Am I the only one who get horror vibes from the titles?


----------



## Tom Bombadildo (Jan 10, 2018)

bi388 said:


> If theres another souls game it will be because of fromsoft not bandai namco. Especially since bandai namco didnt even publish 2/5 of the souls games.


Namco owns the Dark Souls trademark, if there's going to be another Dark Souls game, Namco will be involved. Demon's Souls or Bloodborne, on the other hand, wouldn't come from Namco cuz they're both owned Sony. 

But it's not going to be a Dark Souls game, since From Software claims they won't be working on a new entry for the Dark Souls series for a while, they're focusing on Armored Core and a new IP ATM.

As to the news, Namco has their hand in so many different genres and games that it's hard to say what exactly it'll be really.


----------



## bi388 (Jan 10, 2018)

Tom Bombadildo said:


> Namco owns the Dark Souls trademark, if there's going to be another Dark Souls game, Namco will be involved.

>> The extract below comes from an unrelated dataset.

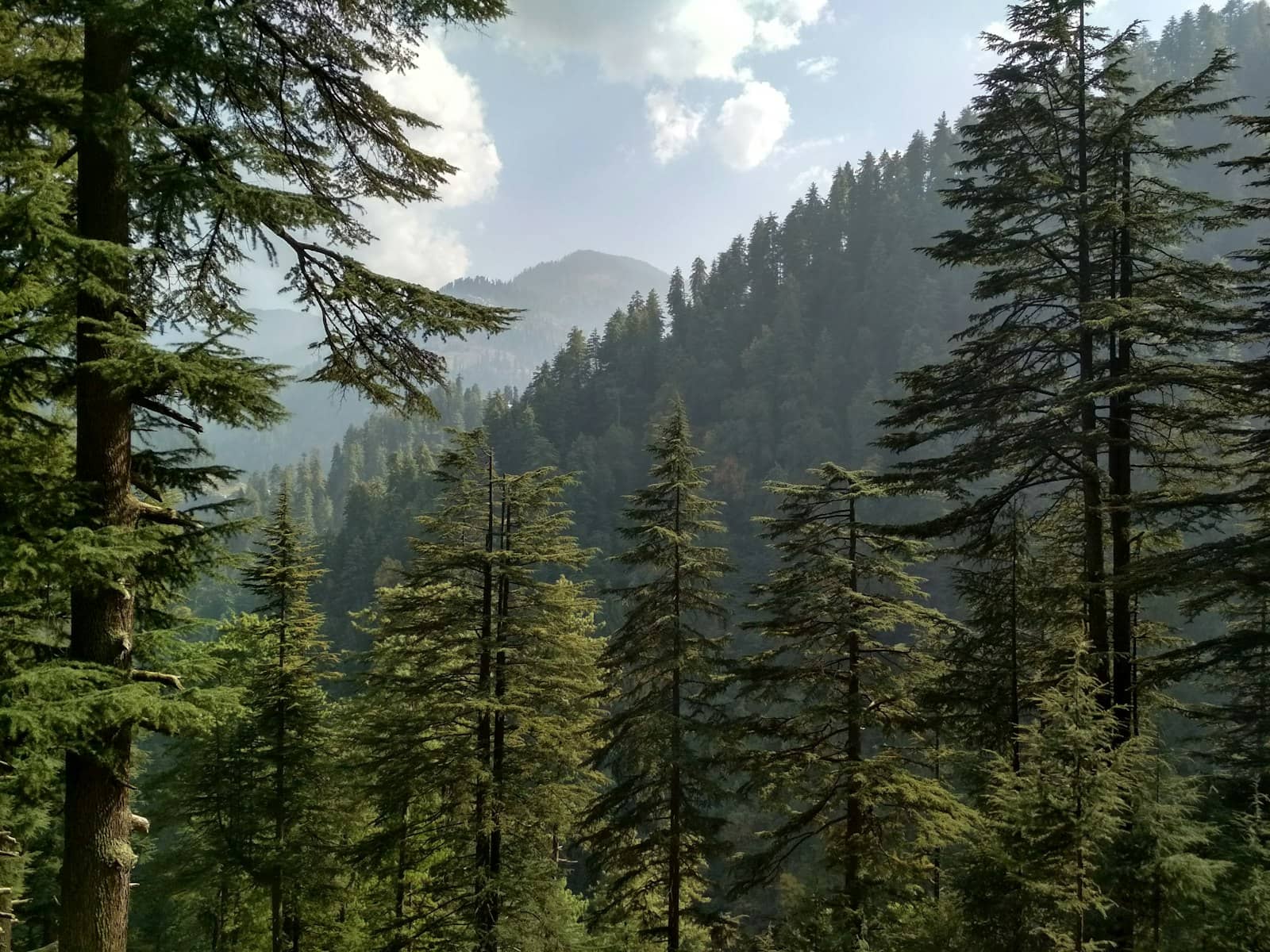Avalanche Lake's emerald water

Demon's Souls or Bloodborne, on the other hand, wouldn't come from Namco cuz they're both owned Sony.
> 
> But it's not going to be a Dark Souls game, since From Software claims they won't be working on a new entry for the Dark Souls series for a while, they're focusing on Armored Core and a new IP ATM.
> 
> As to the news, Namco has their hand in so many different genres and games that it's hard to say what exactly it'll be really.


The "dark souls" brand is owned by Bandai, but fromsoft could easily make another dark souls game by just naming it 'horror souls' or whatever, the same way the did after demons souls.


----------